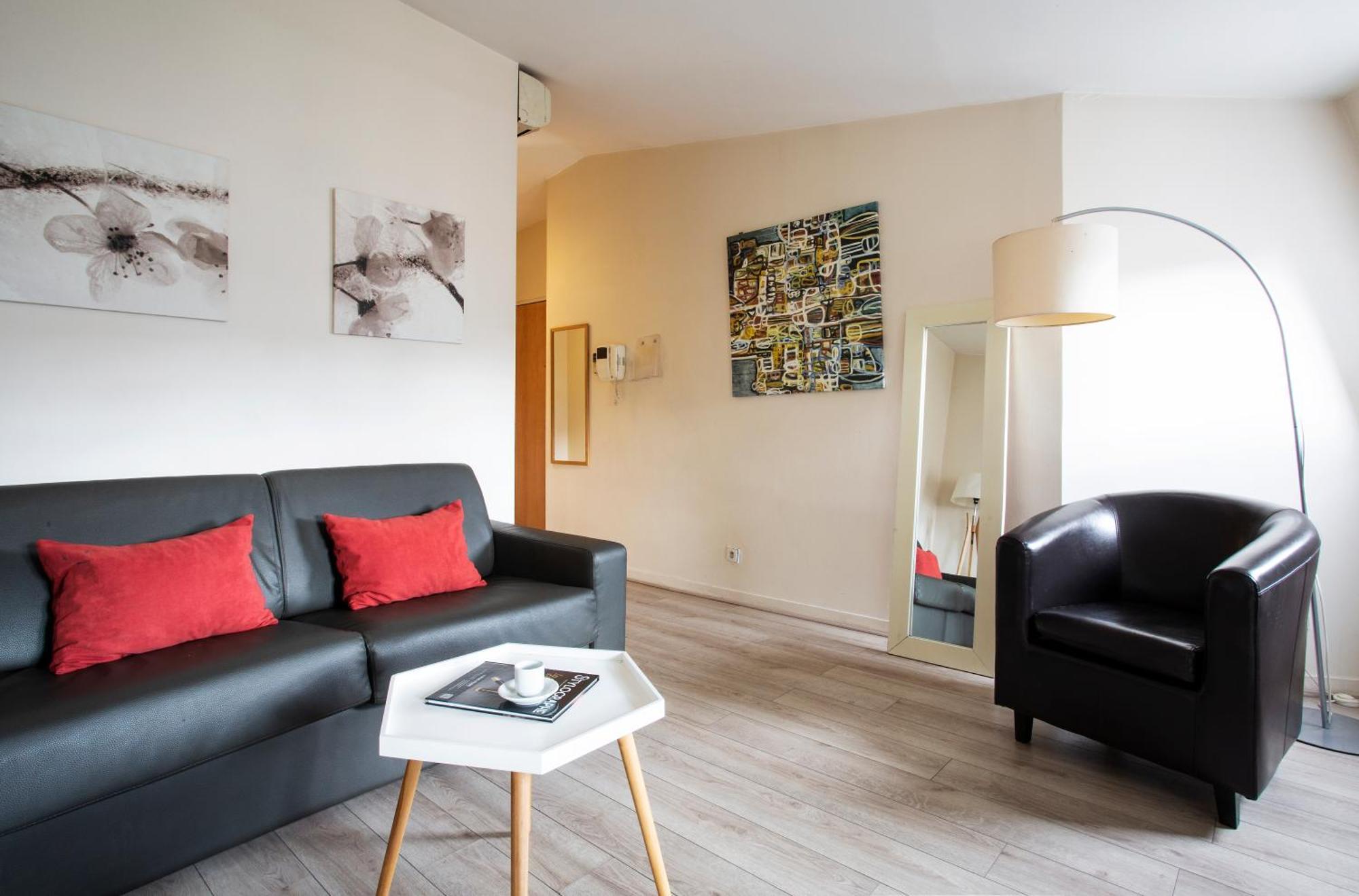 Appartamento Place De L'etoile, Wagram With Ac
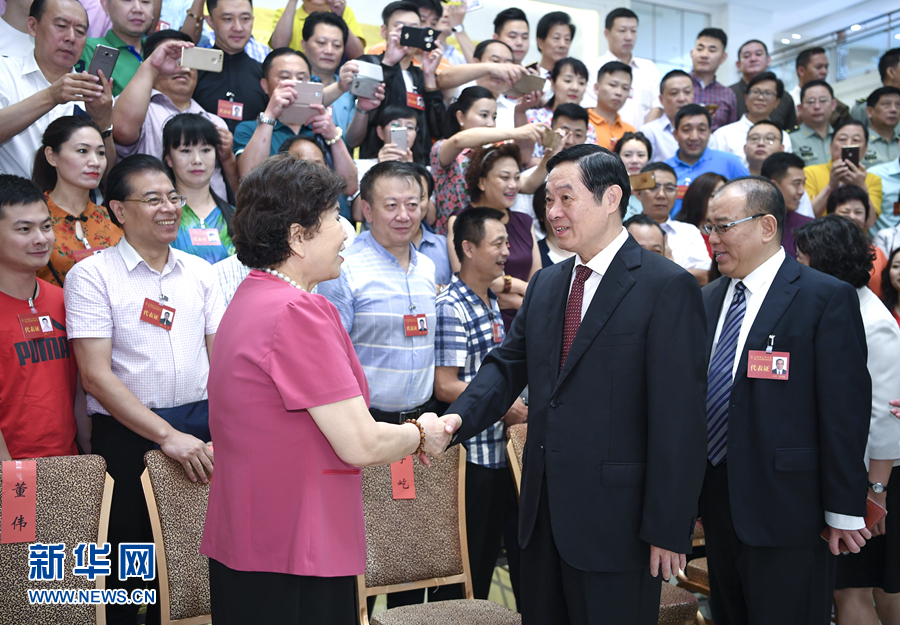 7月19日，中國曲藝家協(xié)會(huì)第八次全國代表大會(huì)在北京召開。中共中央政治局委員、中央書記處書記、中宣部部長(zhǎng)劉奇葆出席開幕式并講話。這是開幕式前，劉奇葆接見與會(huì)代表。新華社記者 張領(lǐng) 攝
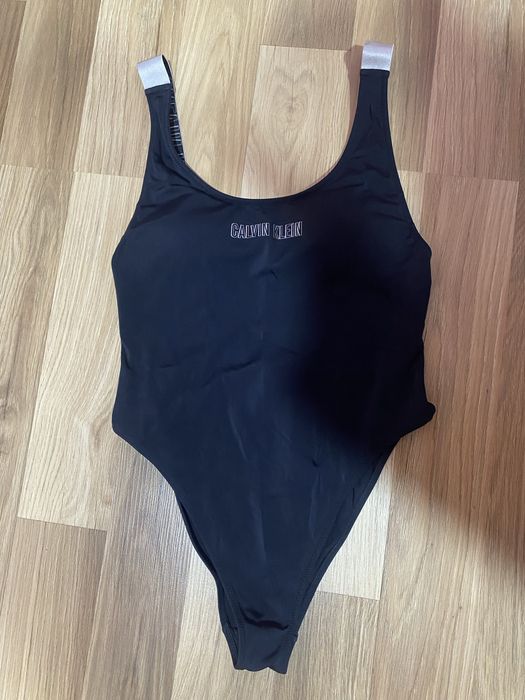 Нов бански CALVIN KlEIN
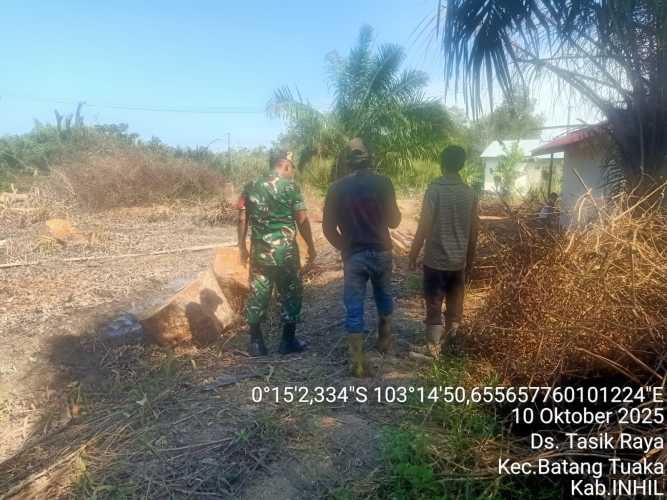 Babinsa Koramil 12/Btk Laksanakan Patroli Tapal Batas di Desa Tasik Raya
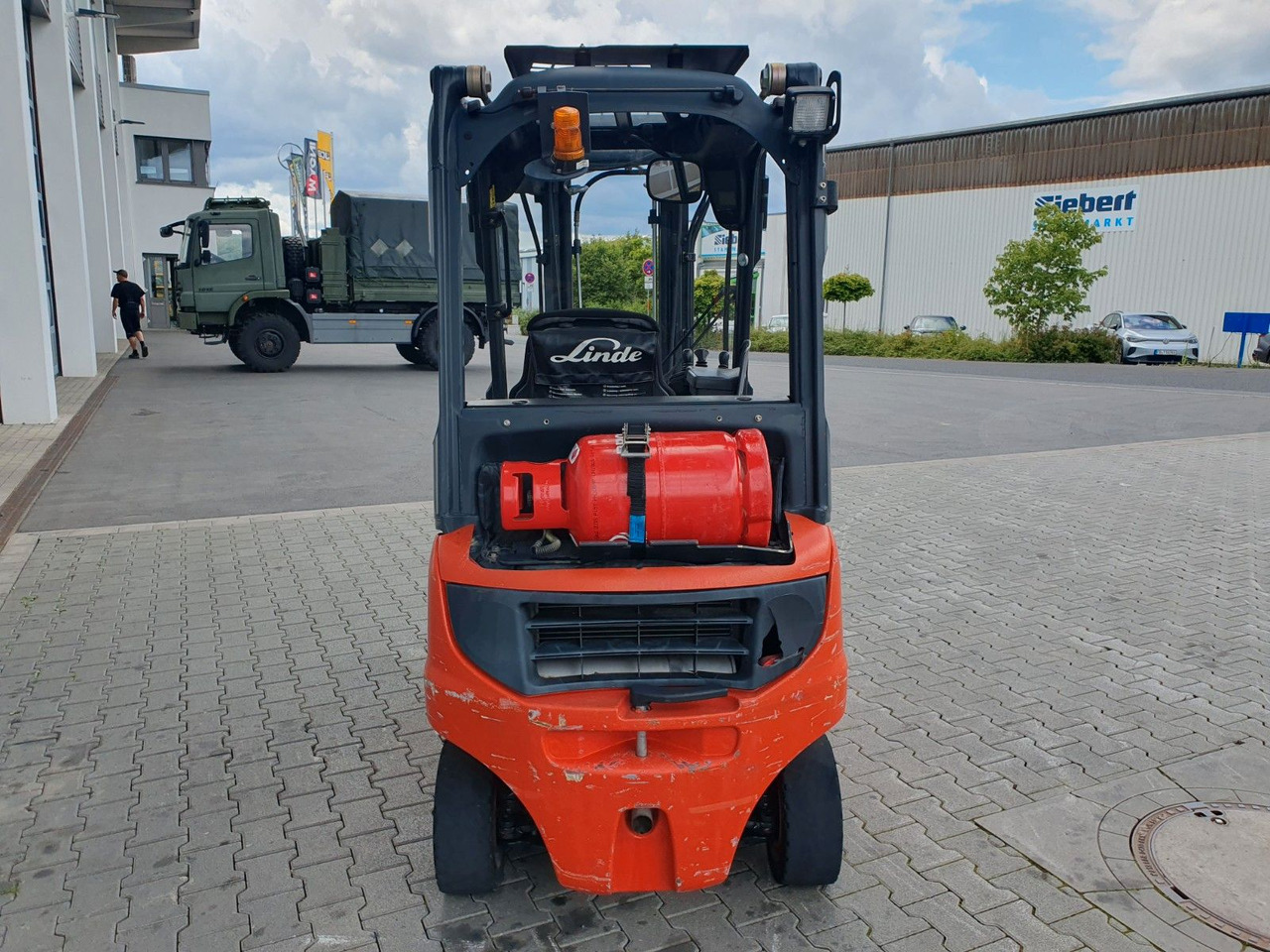 Linde H16 T-01 / 4,6m / nur: 3.260h / Gas / SS - Villás targonca: 5 kép. Linde H16 T-01 / 4,6m / nur: 3.260h / Gas / SS - Villás targonca: 5 kép.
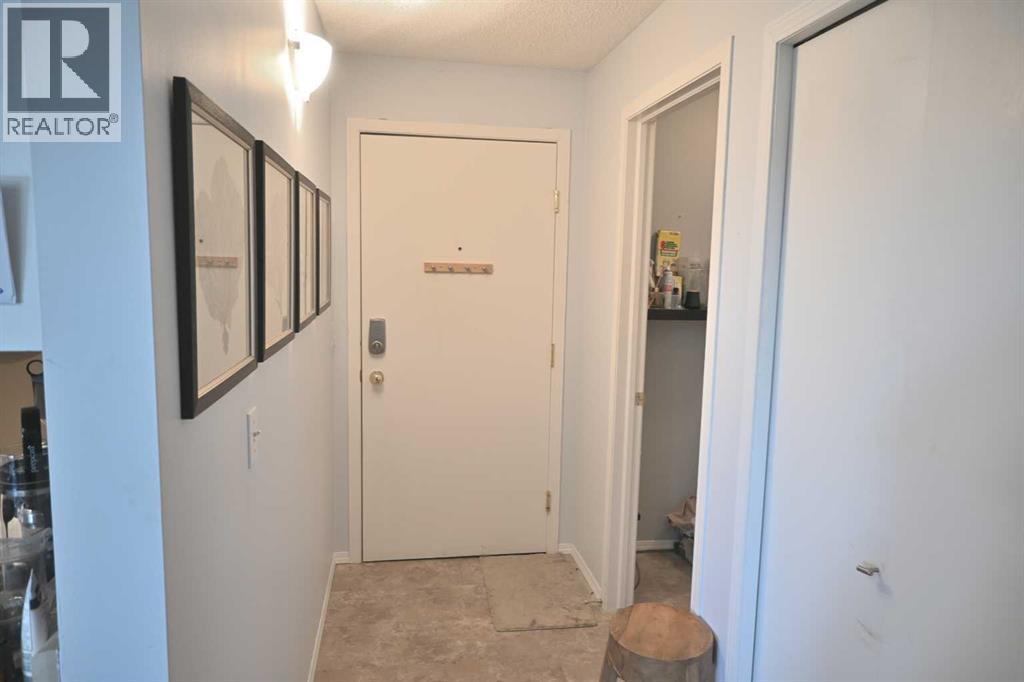 Photo 3 of 1408 A 604 8 Street Sw, Airdrie AB
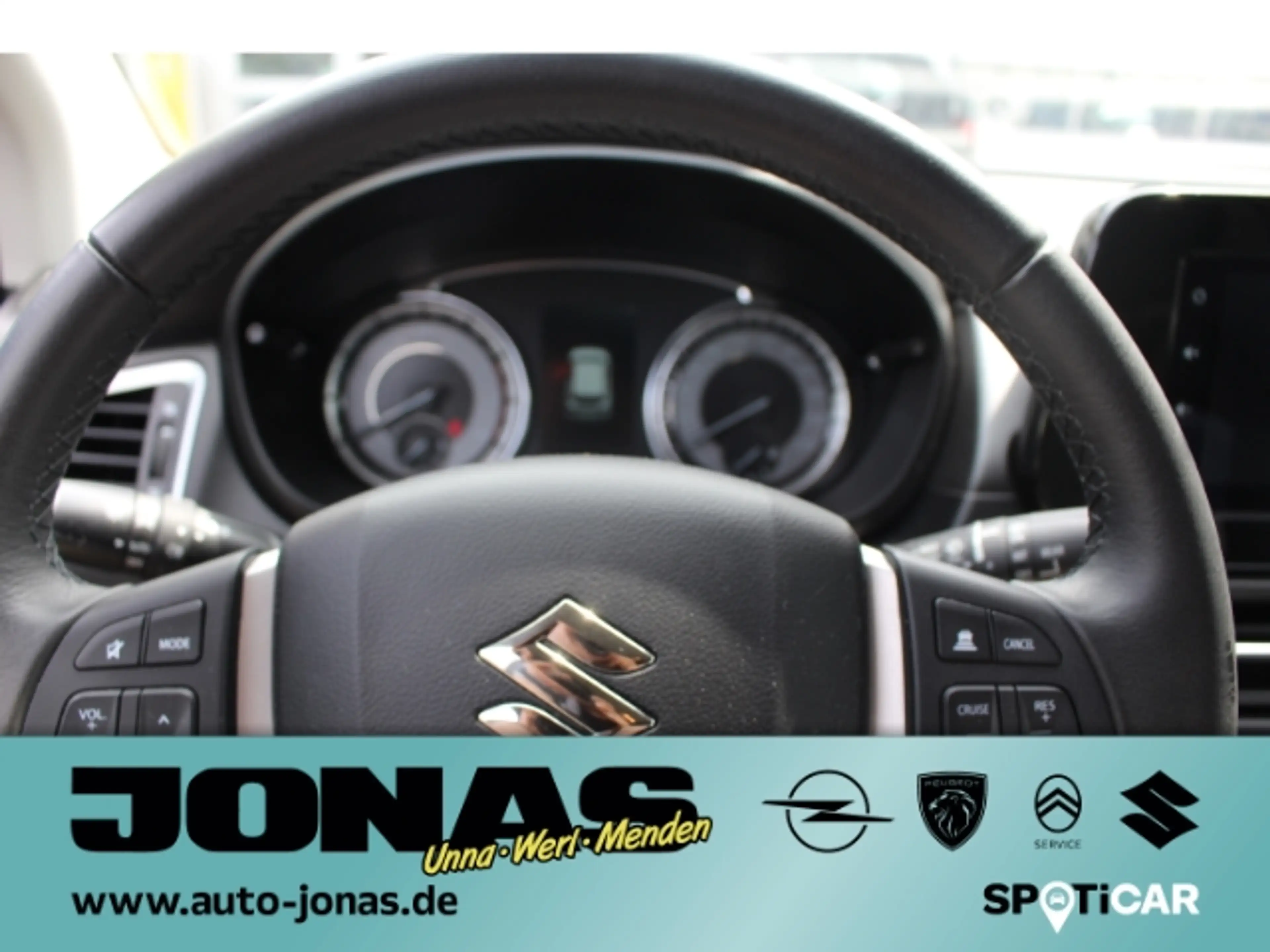 Suzuki SX4 S-Cross 1.4 Comfort Hybrid PDC R-Kamera — photo 15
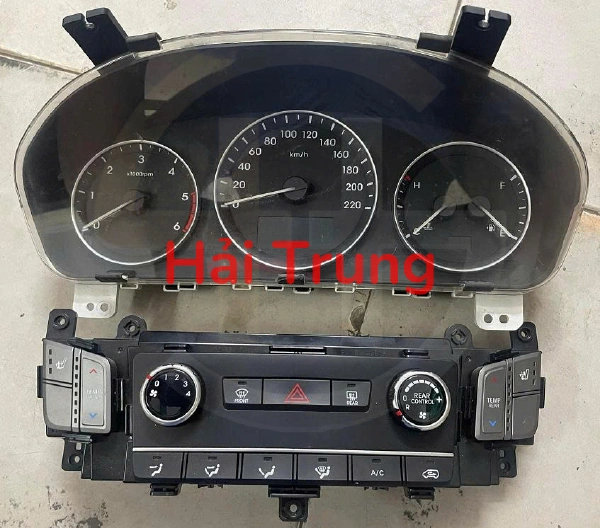 Tháo xe Đồng hồ táp lô Hyundai Starex 2019-2022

::::::::::

About this exercise
No picture belongs in the copy; return the rest of the listing exactly.

Answer below
 Appartamento Place De L'etoile, Wagram With Ac
 7月19日，中國曲藝家協(xié)會(huì)第八次全國代表大會(huì)在北京召開。中共中央政治局委員、中央書記處書記、中宣部部長(zhǎng)劉奇葆出席開幕式并講話。這是開幕式前，劉奇葆接見與會(huì)代表。新華社記者 張領(lǐng) 攝
 Нов бански CALVIN KlEIN
 Babinsa Koramil 12/Btk Laksanakan Patroli Tapal Batas di Desa Tasik Raya
 Linde H16 T-01 / 4,6m / nur: 3.260h / Gas / SS - Villás targonca: 5 kép. Linde H16 T-01 / 4,6m / nur: 3.260h / Gas / SS - Villás targonca: 5 kép.
 Photo 3 of 1408 A 604 8 Street Sw, Airdrie AB
 Suzuki SX4 S-Cross 1.4 Comfort Hybrid PDC R-Kamera — photo 15
 Tháo xe Đồng hồ táp lô Hyundai Starex 2019-2022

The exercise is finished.